Avec la conviction de cette nécessaire adaptation au numérique, les grandes entreprises ont fait naître depuis un peu plus de 2 ans une fonction spécifique : le Chief Digital Officer (CDO).
Mais qui est le CDO ? Que fait-il ? Quel est l’avenir du métier ?
Chez Digital Corner, nous nous sommes amusés à imaginer « l’interview fictive » d’un CDO en 10 questions… en voici les réponses :
Bonjour Chief Digital Officer, pourriez-vous nous parler de votre fonction et de sa finalité ?
CDO : « Mon métier, Chief Digital Officer, ou CDO, consiste à accompagner une entité privée (entreprise principalement) ou publique dans le pilotage et l’accélération de sa transformation numérique.
Mon métier revêt une dimension stratégique importante puisque je suis responsable de la politique digitale et de la supervision des opérations numériques à évolution rapide (applications mobiles, médias sociaux, etc.).
En d’autres termes, je dois faire passer la transformation numérique de mon entité à la vitesse supérieure : lui permettre d’intégrer chaque nouvelle donne numérique et d’agir instantanément et efficacement en conséquence.
En bon chef d’orchestre, je me dois de coordonner les actions des différentes parties prenantes de mon entreprise pour y parvenir. »
Pourriez-vous nous illustrer votre mission et cet aspect de coordination interservices de façon plus concrète ?
CDO : « En prenant mon poste, j’ai d’abord fait un état des lieux pour identifier les projets déjà lancés, pour comprendre les besoins et identifier les personnes impliquées.
Puis, j’ai défini quelles seront les priorités numériques, celles qui guideront la stratégie à venir.

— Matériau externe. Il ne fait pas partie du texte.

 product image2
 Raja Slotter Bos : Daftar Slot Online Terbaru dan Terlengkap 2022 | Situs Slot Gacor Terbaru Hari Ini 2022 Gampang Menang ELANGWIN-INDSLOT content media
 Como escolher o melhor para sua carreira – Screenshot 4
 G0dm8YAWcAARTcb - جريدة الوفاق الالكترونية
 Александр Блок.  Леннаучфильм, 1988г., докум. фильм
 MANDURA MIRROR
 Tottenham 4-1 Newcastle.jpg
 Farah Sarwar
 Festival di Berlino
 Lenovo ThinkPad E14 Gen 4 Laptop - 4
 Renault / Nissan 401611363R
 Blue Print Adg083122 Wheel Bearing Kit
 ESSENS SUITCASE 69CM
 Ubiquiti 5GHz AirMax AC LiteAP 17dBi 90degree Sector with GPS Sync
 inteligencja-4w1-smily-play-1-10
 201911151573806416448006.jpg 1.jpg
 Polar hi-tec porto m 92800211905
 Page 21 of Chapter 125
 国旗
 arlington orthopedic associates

Mais impossible d’aboutir à une réelle rationalisation et à une organisation efficace de la transformation sans un partenariat avec les seniors managers des autres fonctions : CIO (Informatique), CMO (Marketing), COO (Opérations) et CHRO (Ressources Humaines). Je peux citer différents objectifs communs :
- Amélioration de la connaissance et de l’expérience client : Le CDO doit fournir de la visibilité sur les tendances du marché pour alimenter les équipes en charge de concevoir et d’exécuter une stratégie marketing sur les réseaux sociaux. Il doit aussi permettre de connaître les influenceurs de ces clients afin de pouvoir les mobiliser par la suite.
- Diffuser et faire adopter la culture numérique dans toute l’entreprise ce qui ne peut se faire qu’en collaboration rapprochée avec la DRH. On le voit bien, la transformation digitale impacte le recrutement, les carrières, le travail et la formation. D’ailleurs, je travaille actuellement en étroite collaboration avec la DRH autour du Digital Learning. Il faut savoir que l’avènement du digital a conduit à de vraies révolutions, et modifie fortement l’acquisition du savoir : MOOCs, COOCs, m-learning, réseaux sociaux d’entreprise, réalité augmentée, serious games,… sont aujourd’hui autant de dispositifs et d’outils que nous explorons avec nos collègues de la formation.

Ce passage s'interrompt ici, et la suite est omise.